To make his case, Wells began by linking to the Wikipedia entry on scissors, which states that the earliest known scissors were made in Egypt or Mesopotamia sometime between 2000 BC and 1500 BC. This would place the invention of scissors well after the Flood, which — for those who believe it was an historical event — is thought to have occurred no more recently than 2349 BC, and possibly much earlier.

However, Wells did not object to the idea that Noah may have used scissors, per se. (It is not clear whether Wells thinks a gap of a few centuries is no big deal, or whether he simply confuses “2500 BC” with “2500 years ago”, thus dating Noah to some point long after the invention of scissors.) Instead, what bugged him was the idea that Noah could have had a cut that looked like it was the product of “electric barber shears”.

One of Wells’s commenters noted in reply that Noah could have had hair like that if he had shaved his head completely bald “with a knife, dagger or razor” and then left it alone for a few weeks. But if it turns out that Noah sports the same buzz cut for a lengthy stretch of the film, then who knows, Wells’s criticism just might stick.
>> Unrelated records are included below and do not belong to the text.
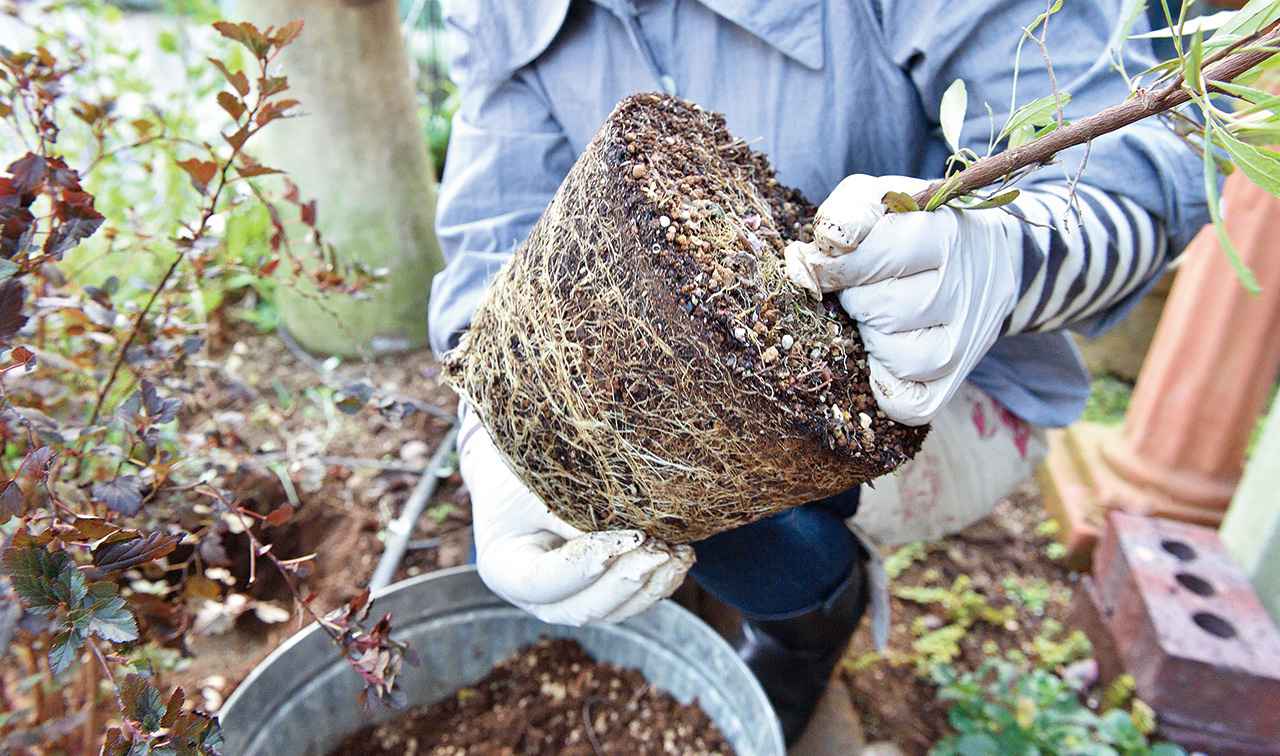 植木 庭木の植え方 支柱の立て方や剪定 株分け 挿し木の仕方を初心者向けに解説 年11月22日 エキサイトニュース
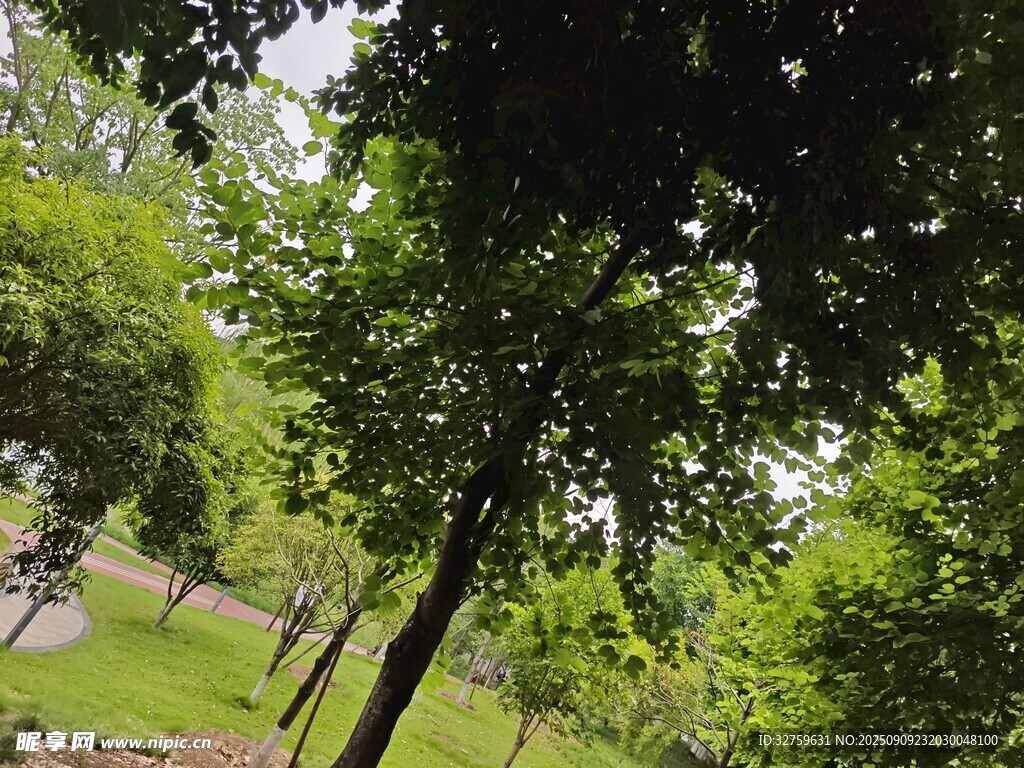 绿意盎然的公园树林
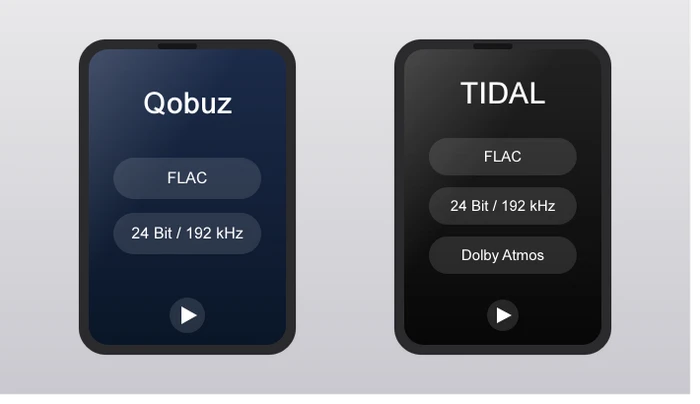 Qobuz vs. TIDAL: Format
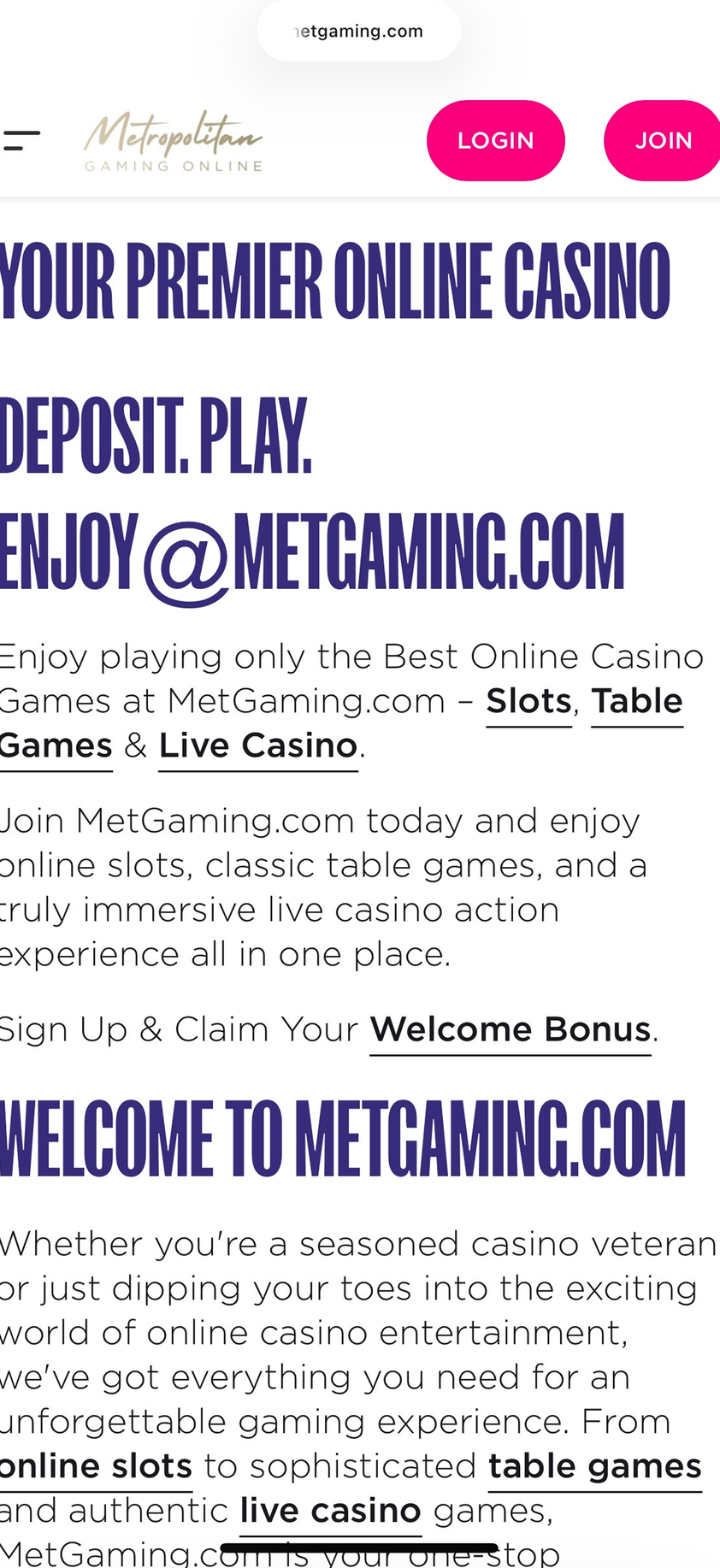 MetGaming gallery image 5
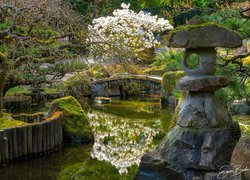 Ogród japoński, Drzewa, Kwiaty, Krzewy, Kamienie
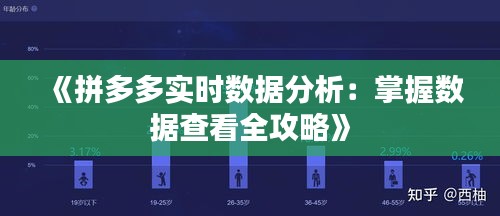《拼多多实时数据分析：掌握数据查看全攻略》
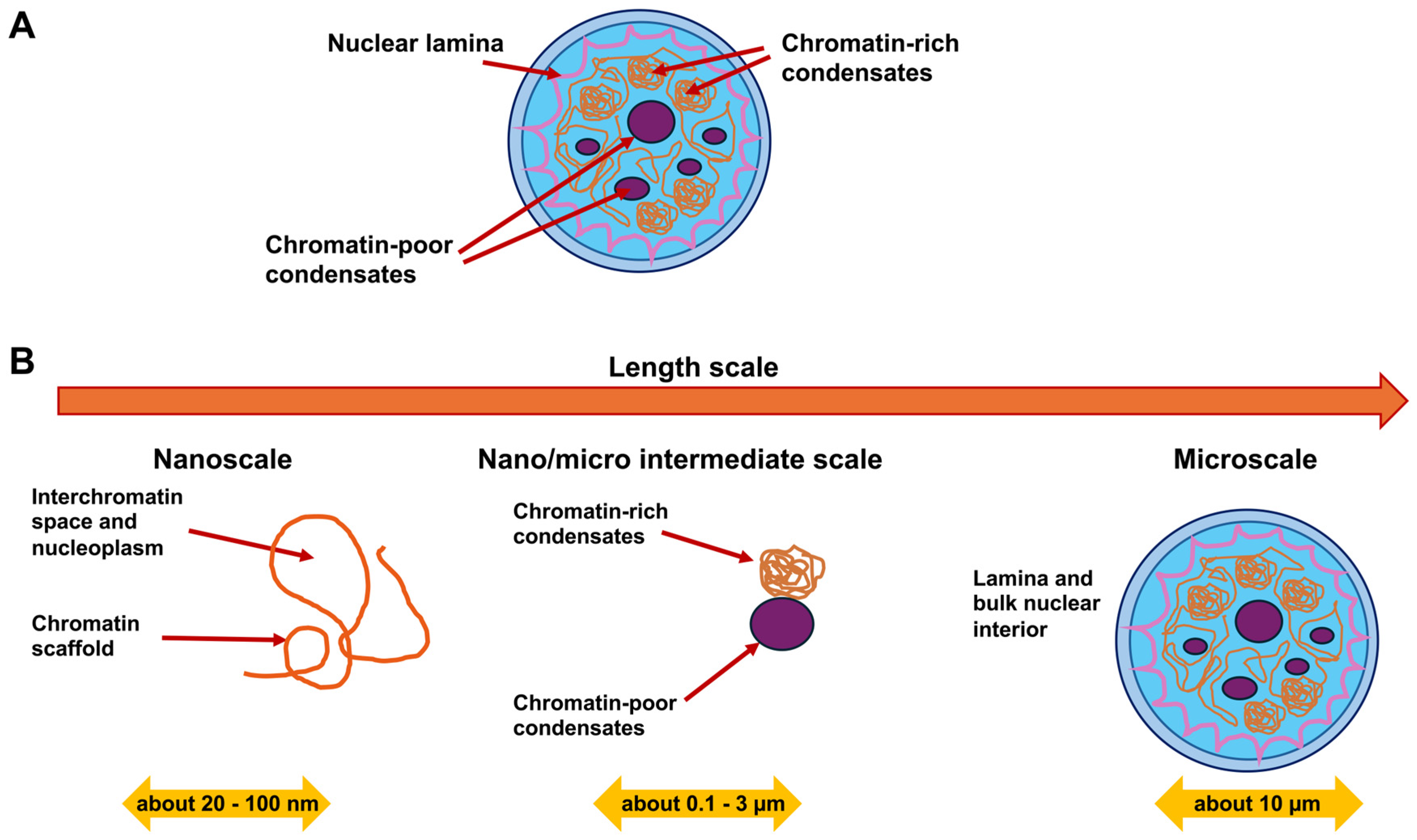 Biomolecules 16 00457 g010 Biomolecules 16 00457 g010
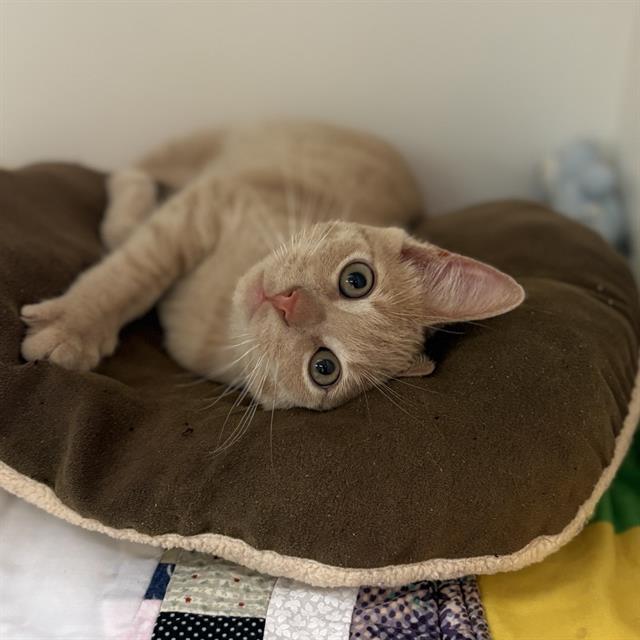 TRUCKER, Adoptable, Kitten Male Domestic Medium Hair.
My only contribution to the debate would be to note that we don’t know yet what kind of technology the people in Darren Aronofsky’s film will actually have at their disposal. We know that the film will depict angelic beings known as the Watchers, and that these beings, according to the Book of Enoch, taught humanity “arts and technologies such as weaponry, cosmetics, mirrors, sorcery, and other techniques that would otherwise be discovered gradually over time by humans, not foisted upon them all at once.” Presumably these technologies were wiped out by the Flood. And maybe, just maybe, these technologies could have allowed for buzz cuts, too.

For earlier examples of this sort of nit-picking, see my blog posts on One Million Years B.C. (1966), in which I was distracted by Raquel Welch’s eyebrows, and 10,000 B.C. (2008), in which I was distracted by, well, just about everything in that film.

November 24 update: Parts of this blog post have been re-written since it was first posted, partly because I realized I misunderstood one of Wells’s original points.